I appreciate any information/help/insight anyone has to offer regarding this error. Thank you in advanced for any guidance you have regarding this error.

Hey there @ykhan!

This means that the record id in your barcode reads (N:0:1) don’t match up or align to the record ids in your forward/reverse reads (N:0:CAGTGCATATGC), for at least one record.

How were these data processed or prepared? Did they follow the EMP protocol?

Hey @thermokarst,

As far as I know they were prepared using EMP protocol. I downloaded the run data off of BaseSpace but previously I would download directly from the sequencer. I plan on downloading directly and running the workflow again, to see if there is any change. Do you think this will have an effect?

I don’t know!

If the EMP protocol was used on the sequencing and data prep side of things, these IDs should all match. I would contact your sequencing center to see if they can provide a bit more detail. Keep us posted! :qiime2: :t_rex:

Hi Yasmin, I´m also having the same problem. Did you sequence your samples in a service provider?

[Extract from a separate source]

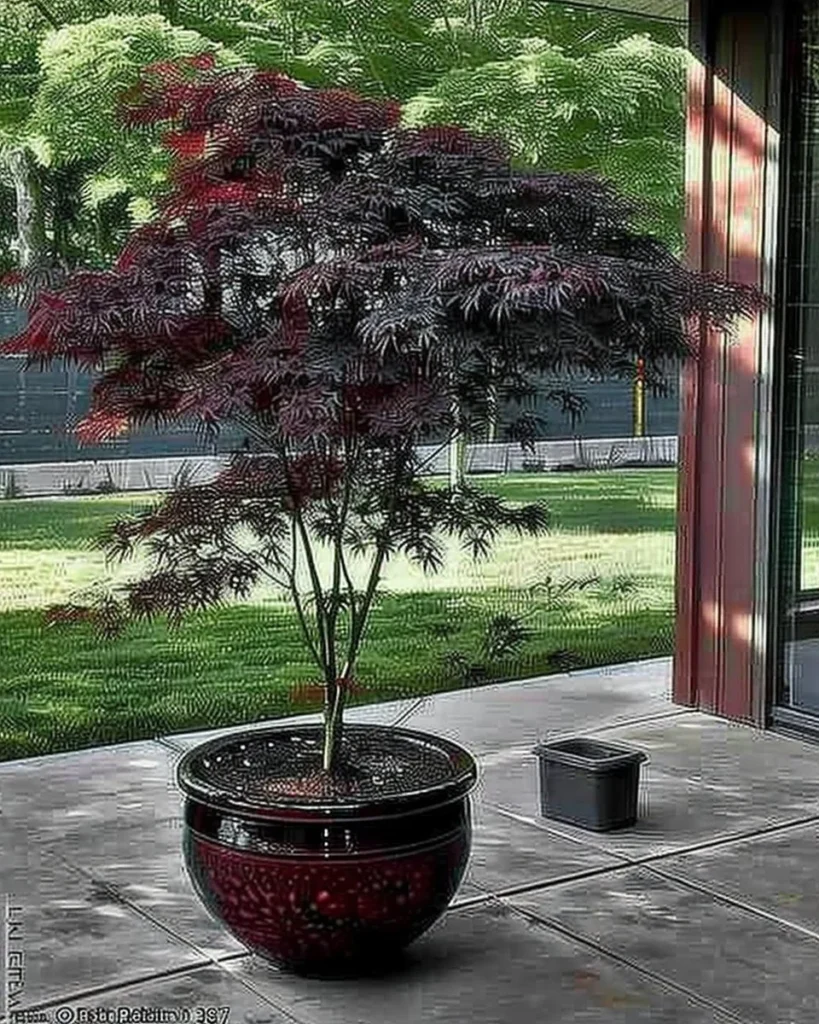 Container gardening with Japanese Maple trees showcasing vibrant foliage.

Hello @thermokarst & @FranciscoC,

Sequencing was done at our lab so I was able to download the files directly from the MiSeq. After running demux using these files instead of what was downloaded from BaseSpace, I did not receive the above error or any other errors for that matter and the script ran to completion.

The only thing I can think of for the error occurring would be incorrect files downloaded from BaseSpace but I solely had the option to download the Run data and couldn’t really download much else. These files saved as Undetermined_R1 and R2 respectively, so I feel as though this is why this error occurred. @FranciscoC how did you obtain your data? Did you also download the data or was it sent from a sequencing facility ?

1 Like

Hello ykhan. Sorry for the late reply. I obtained my data trough a service provider through BaseSpace.

This topic was automatically closed 31 days after the last reply. New replies are no longer allowed.